R Quantile-Quantile Plot Example


Quantile-Quantile plot is a popular method to display data by plot the quantiles of the values against the corresponding quantiles of the normal (bell shapes). The quantiles of the standard normal distribution is represented by a straight line. The normality of the data can be evaluated by observing the extent in which the points appear on the line.

qqnorm(y, ...)
qqnorm(y, ylim, main = "Normal Q-Q Plot",xlab = "Theoretical Quantiles", ylab = "Sample Quantiles",plot.it = TRUE, datax = FALSE, ...)
qqline(y, datax = FALSE, ...)
qqplot(x, y, plot.it = TRUE, xlab = deparse(substitute(x)),
ylab = deparse(substitute(y)), ...)

x: The first sample for 'qqplot'
y: The second or only data sample
xlab, ylab, main: plot labels. The 'xlab' and 'ylab' refer to the y and x axes respectively if 'datax = TRUE'
plot.it: logical. Should the result be plotted?
datax: logical. Should data values be on the x-axis?
ylim: set limits of y axis

Following is a csv file example, we will draw a Quantile-Quantile plot of "Expression" values:


Let first read in the data from the file:

    > x <- read.csv("histogram.csv",header=T,sep="\t")
    > x <- t(x)
    > ex <- as.numeric(x[2,1:ncol(x)])

Draw a Quantile-Quantile plot:

    > qqnorm(ex)
    > qqline(ex,col="red")


The above plot shows that most of the data points are on or near the straight line, suggests that the data is almost normally distributed.

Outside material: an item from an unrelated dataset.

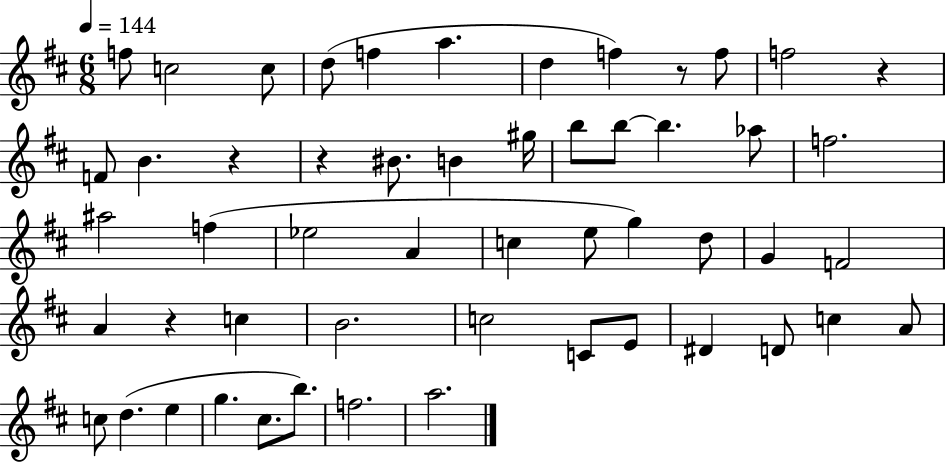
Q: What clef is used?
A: treble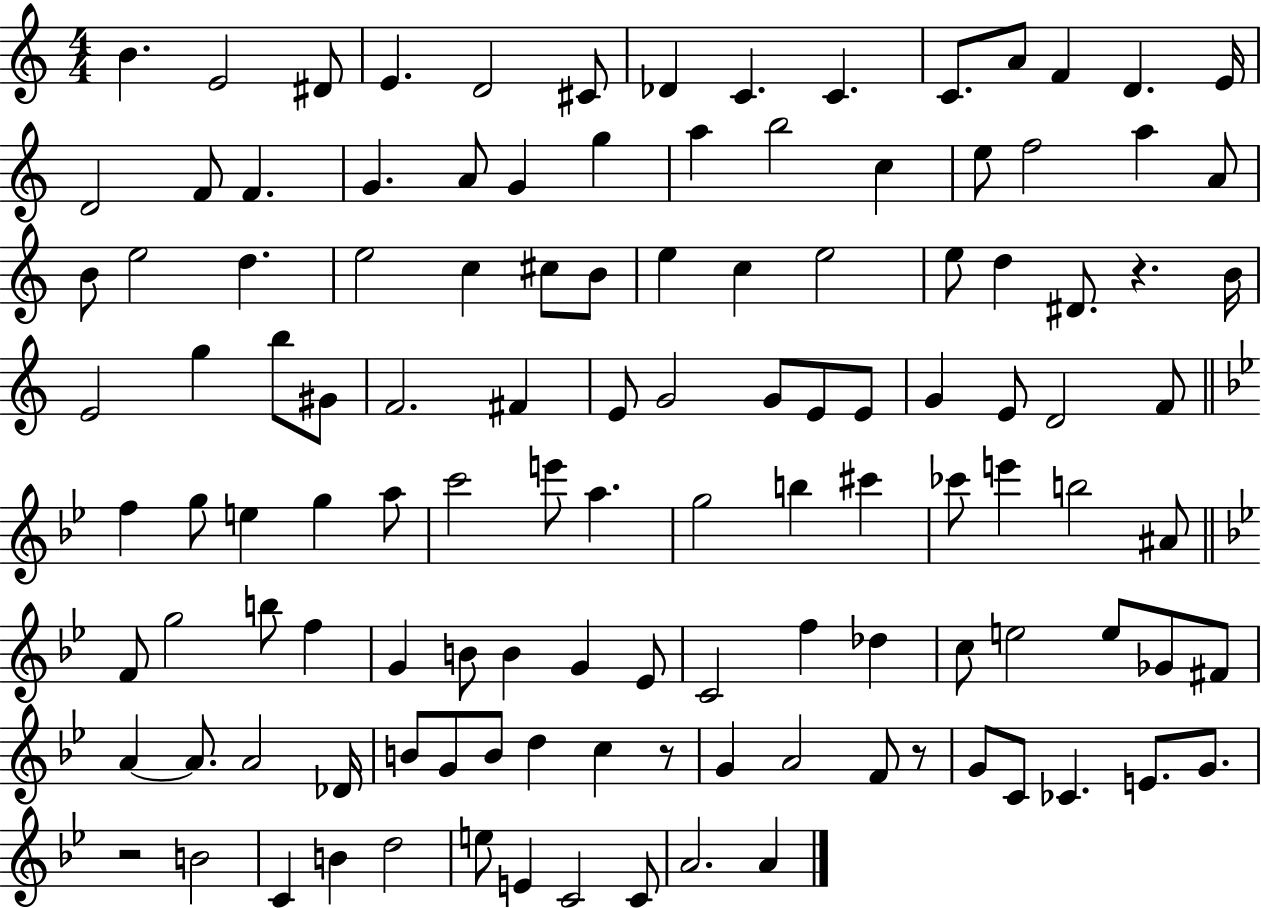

For further test of the data normality, we can check the mean and median of the dataset.

    > mean(ex)
    [1] -0.3053381
    > median(ex)
    [1] -0.29

Mean is the average of the values, and the median is the second quartile, when the data is normally distributed around the mean, then the mean and median should be equal. Since the mean and median above (-0.3053381 vs -0.29) are very close, so the data is seems quite symmetric.

We can write the plot into a file:

    > png("histogram3.png",400,300)
    > qqnorm(ex)
    > qqline(ex,col="red")
    > graphics.off()